Friday, August 22, 2008

Slavic Folklore for Kids: The Little Einsteins

My daughter loves to watch Disney's "The Little Einsteins." She's probably seen every episode at least a dozen times, which means I've seen them about that many times, as well.

This particular episode, "Rocket's Firebird Rescue," features music from Igor Stravinsky's ballet, "The Firebird." The story involves a magical Firebird who spreads its special music power around the world. The Firebird is hated by an evil ogre named Kashchei, who captures and imprisons the Firebird. The Little Einsteins find one of the Firebird's feathers and set out on an adventure to free her and return music to the world.

Who knew that the cartoon my daughter was enjoying is loaded with icons of her Slavic heritage?

The story of "Rocket's Firebird Rescue" is loosely based on a well-known Russian folk tale, "The Firebird":

The story of the firebird comes in many different forms. Some folk tales say that the firebird is a mystical bird that flies around a king’s castle and at night swoops down and eats all the king's golden apples.

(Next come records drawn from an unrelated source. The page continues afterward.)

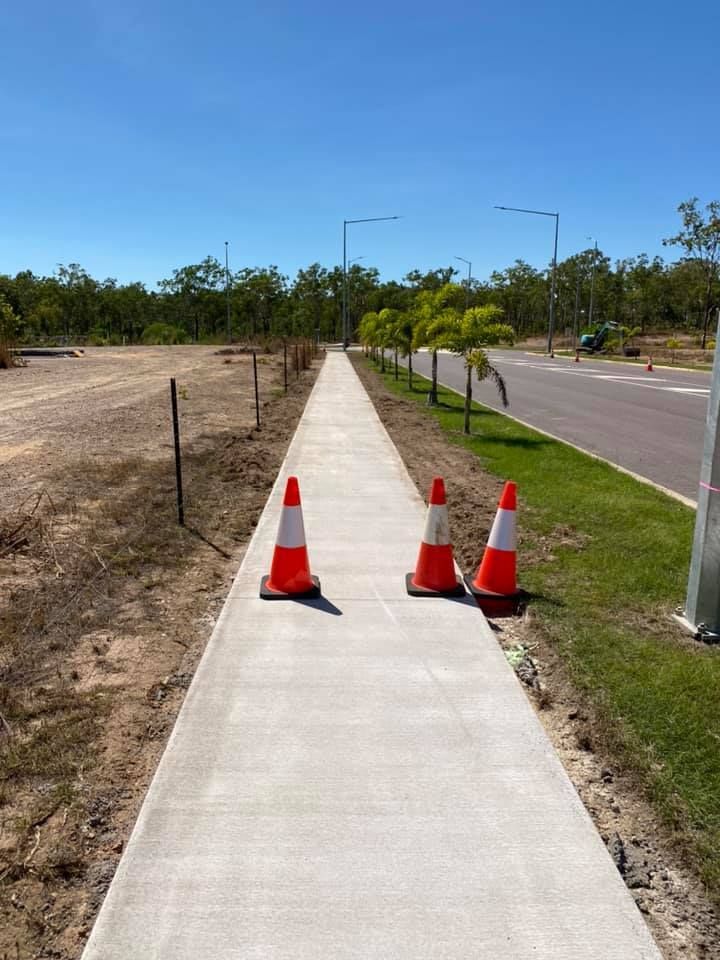 Two traffic cones on a newly paved sidewalk, with a road and trees in the background under a blue sky.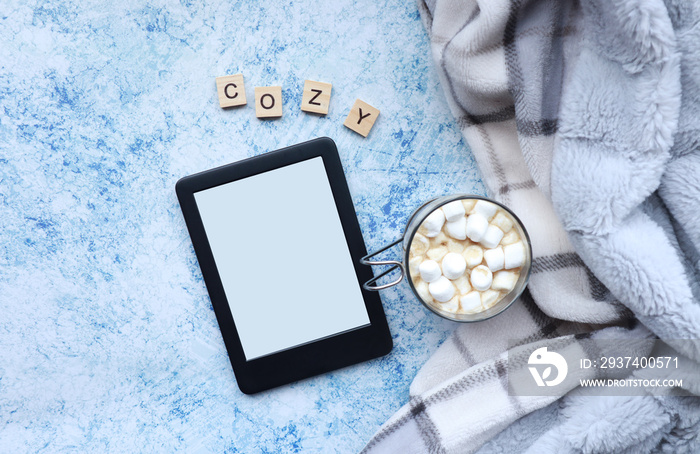 Winter and Christmas themed top view of an ebook, marshmallow hot chocolate, and a cozy soft blanket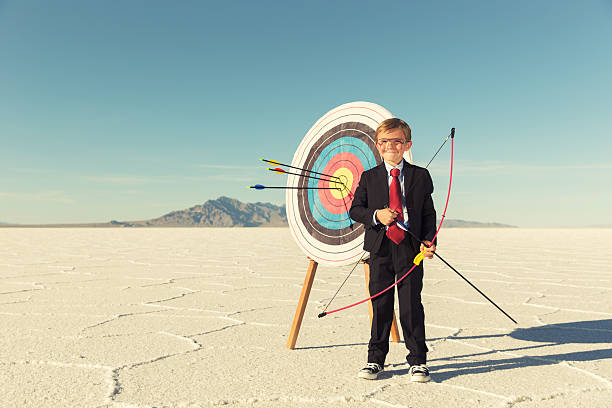 Young Boy and Business Archer With Target
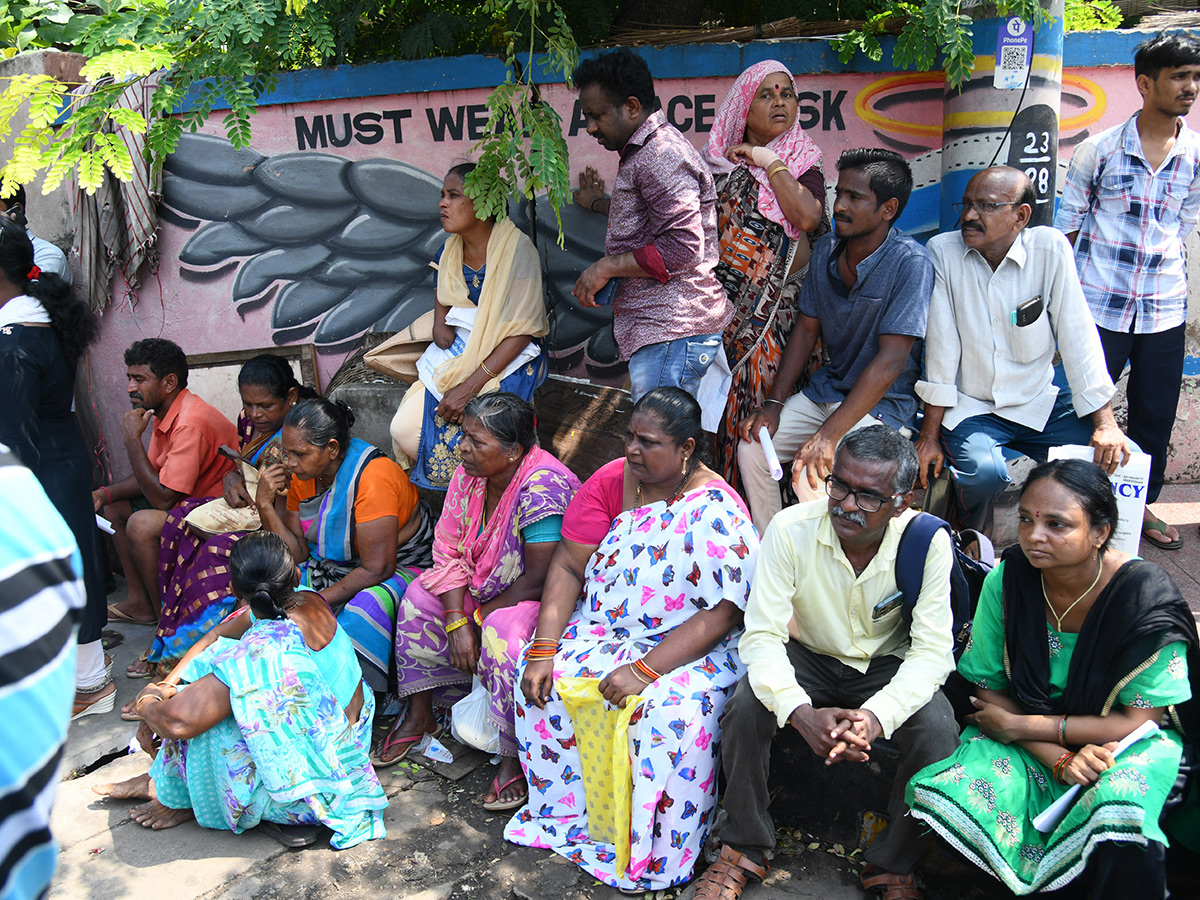 Vijayawada flood victims gathered outside the collector's office photo gallery. [node:summary]28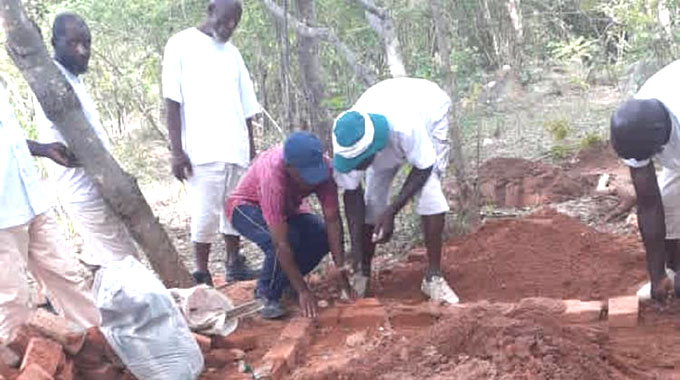 Members of Gringo’s Apostolic church work on his grave last Saturday in preparation of his memorial service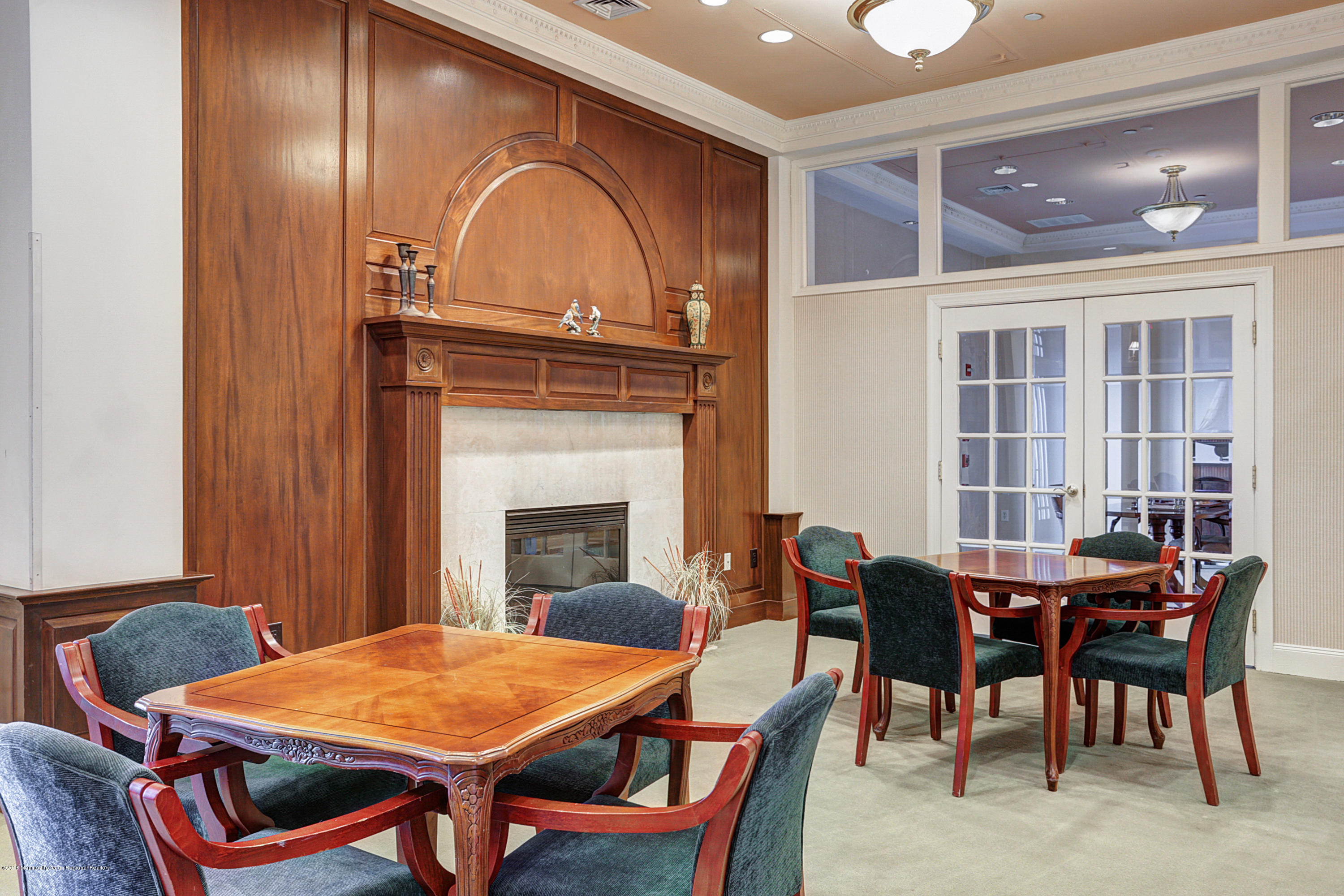 700 Ocean Avenue, Unit 437 Spring Lake, NJ 07762 - Photo 21 of 24 a view of a dining room with furniture and chandelier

Others say that the firebird is just a bird that flies around giving hope to those who need it. Some additions to that legend say that when the firebird flies around his eyes sparkle and pearls fall from his beak. The pearls would then fall to the peasants, giving them something to trade for goods or services.

In the most common version of the legend, a Tsar commands his three sons to capture the firebird that keeps flying down from above and eating his apples. The golden apples are in the Tsar’s orchard and give youth and strength to all who eat them. The sons end up barely missing the bird, but they catch one of his feathers that glows in the night. (Wikipedia)
Almost all of the versions of the Firebird tale seem to have one main theme: a Firebird's feather is found, spurring the feather-finder on a difficult quest. Although the finder thinks the feather will bring him/her happiness, the quest typically involves increasingly difficult tasks, frequently bringing great sadness and grief.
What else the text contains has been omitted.